- _Task details_
All lines from the one bearing "młodzieży w Świebodzinie" through the end of the data below must be printed exactly as they stand, with pictures removed.

Data records
******

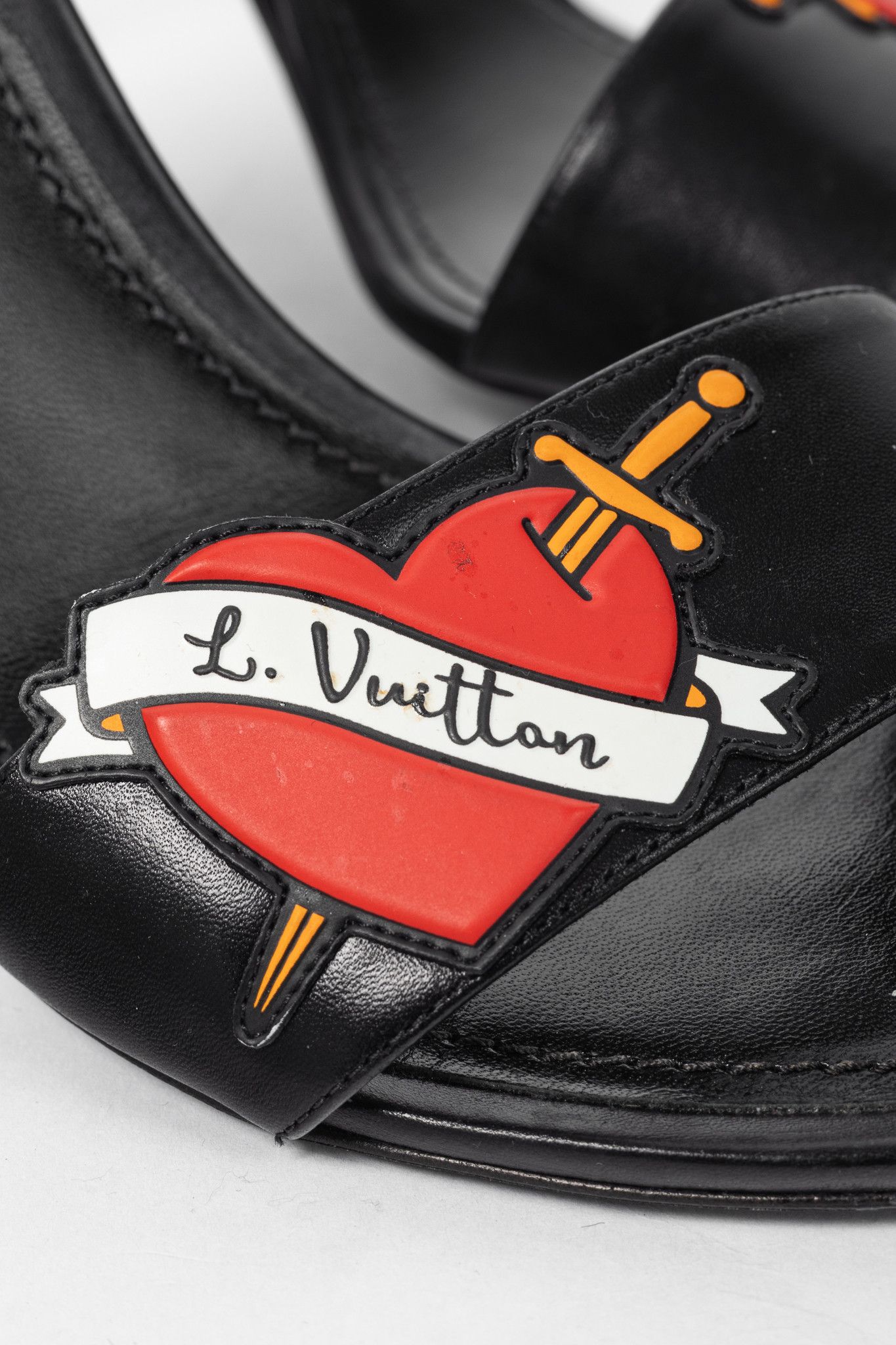 Louis Vuitton Louis Vuitton Black Leather LV Patch Sandals Size US 8.5 / IT 38.5 - 6 Thumbnail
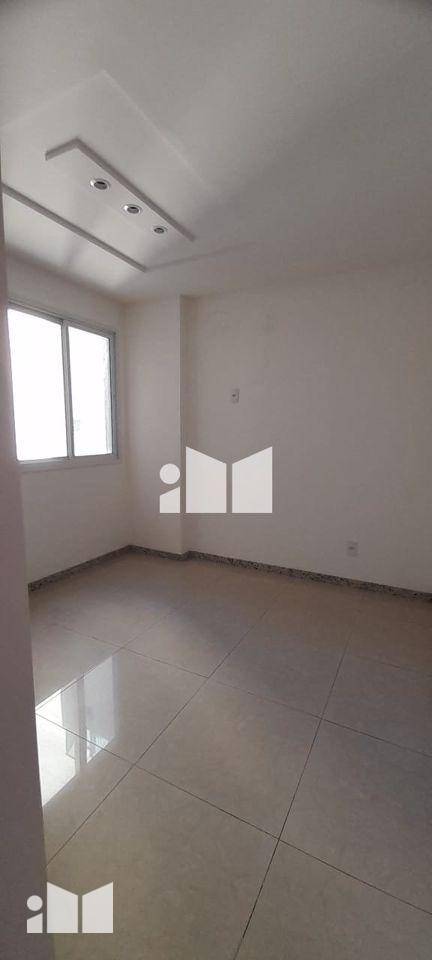 Apartamento à venda com 2 quartos, 63m² - Foto 17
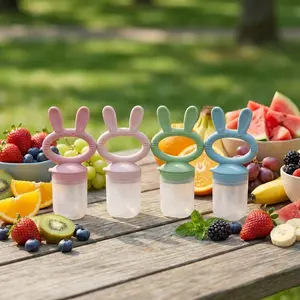 2-Piece Baby Feeding Set, Silicone Fruit Squeezer, Suitable for Toddlers, Non-toxic Teething Toy with Grip Textures, Perfect for Fruit and Vegetable Purees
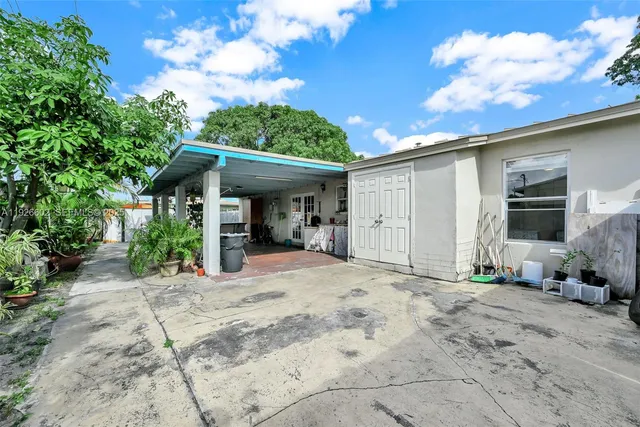 $799,000 | 4020 East 10th Avenue, Hialeah, FL 33013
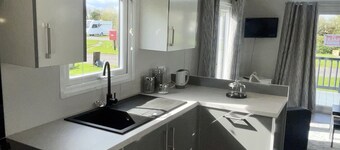 Modern Homely Chalet in Tuxford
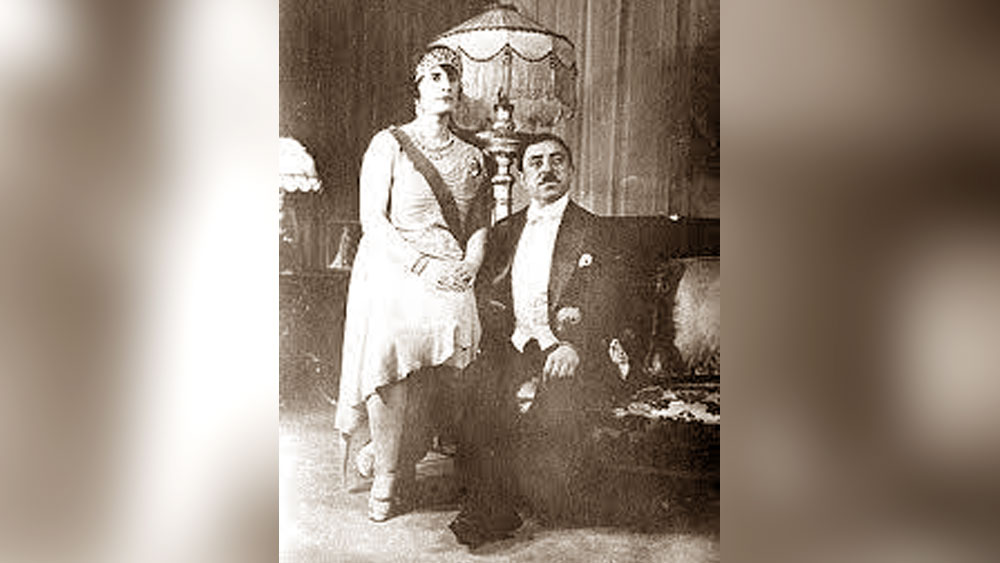 ইতিহাসবিদদের একাংশের মতে, দেশের সংস্কৃতিতে আধুনিকতার ছোঁয়া আনতে গিয়ে আমানাতুল্লা এবং সোরাইয়া বড্ড তাড়াহুড়ো করছিলেন। ধীরে সুস্থে, মানুষের মধ্যে সচেতনতা গড়ে তোলার বদলে, নিজেদের মর্জি অনুযায়ী, জোর করে নতুন নিয়ম কানুন চাপিয়ে দিচ্ছিলেন। তাতেই দেশের একটা বড় অংশের মানুষ নিজেদের অস্তিত্ব নিয়ে সঙ্কটে পড়েন, যা ক্ষোভের কারণ হয়ে দাঁড়ায়।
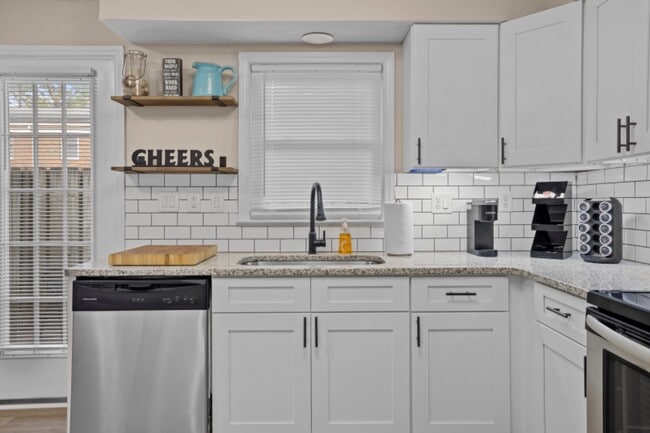 Building Photo - 102 David Dr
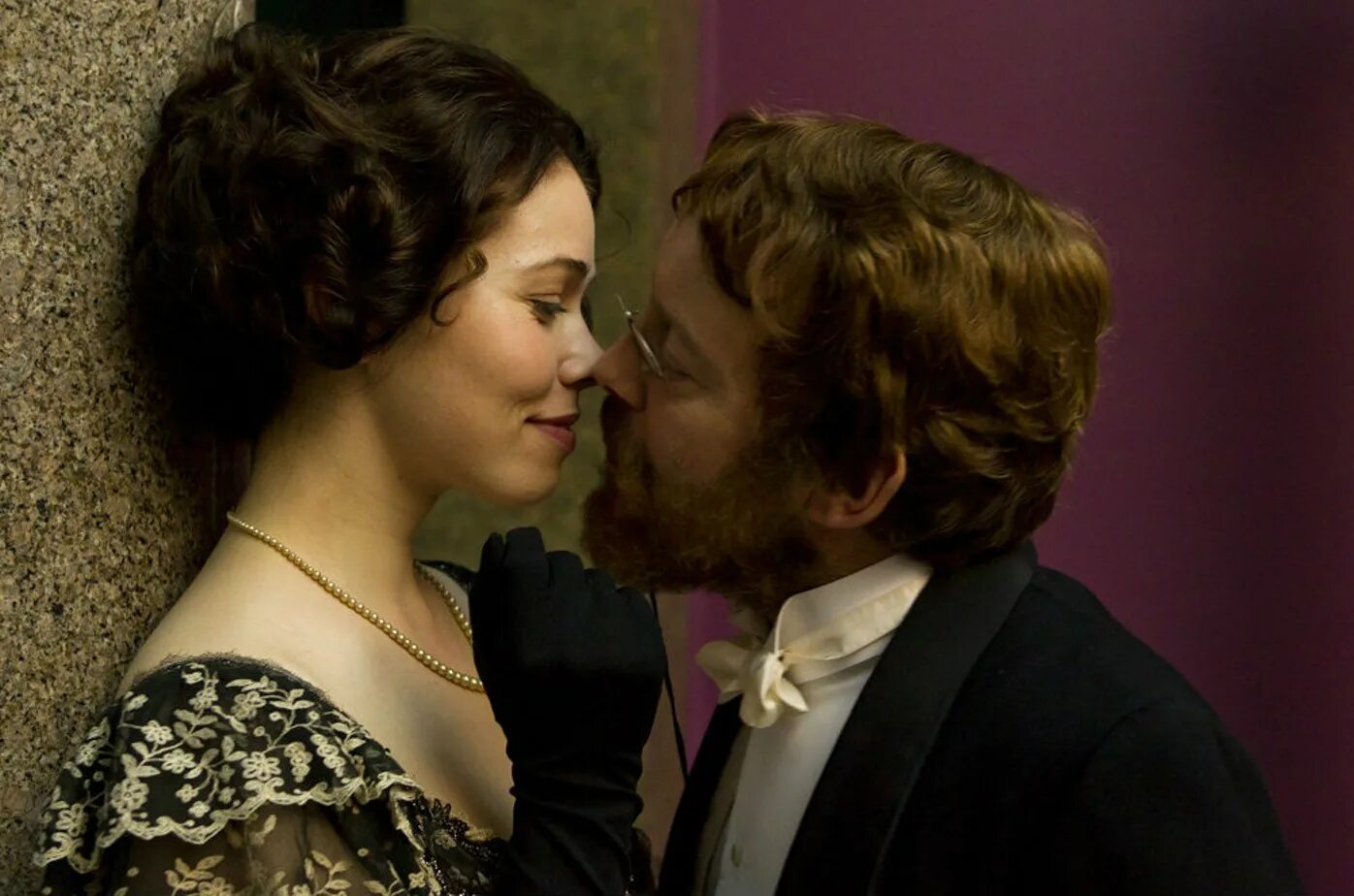 Кинофильмы жена. Джонни депп и шарлиз терон. Кинофильмы жена. Рэйчел макадамс 2021. Кинофильмы жена.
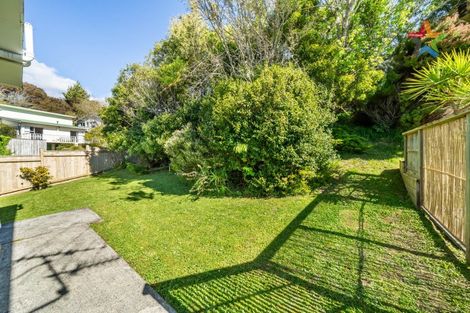 Photo of property in 1 Mcmanaway Grove, Stokes Valley, Lower Hutt, 5019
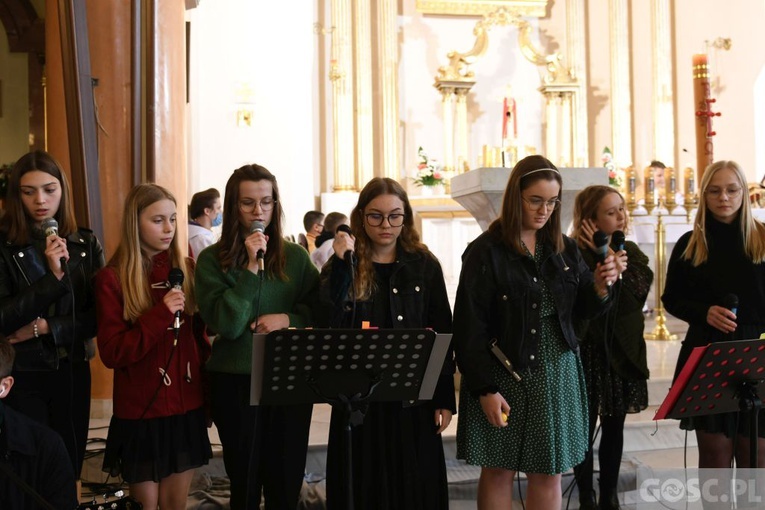 Czuwanie "Spotkać Zmartwychwstałego" dla młodzieży w Świebodzinie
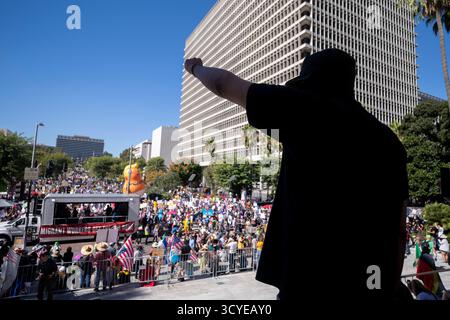 Los Angeles, Kalifornien, USA. Oktober 2025. Tausende Demonstranten versammeln sich während des No Kings Day Protest am Samstag, den 18. Oktober 2025 in Los Angeles. (Kreditbild: © Ringo Chiu/ZUMA Press Wire) NUR REDAKTIONELLE VERWENDUNG! Nicht für kommerzielle ZWECKE! Stockfoto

******

- _Response to this task_
 Czuwanie "Spotkać Zmartwychwstałego" dla młodzieży w Świebodzinie
 Los Angeles, Kalifornien, USA. Oktober 2025. Tausende Demonstranten versammeln sich während des No Kings Day Protest am Samstag, den 18. Oktober 2025 in Los Angeles. (Kreditbild: © Ringo Chiu/ZUMA Press Wire) NUR REDAKTIONELLE VERWENDUNG! Nicht für kommerzielle ZWECKE! Stockfoto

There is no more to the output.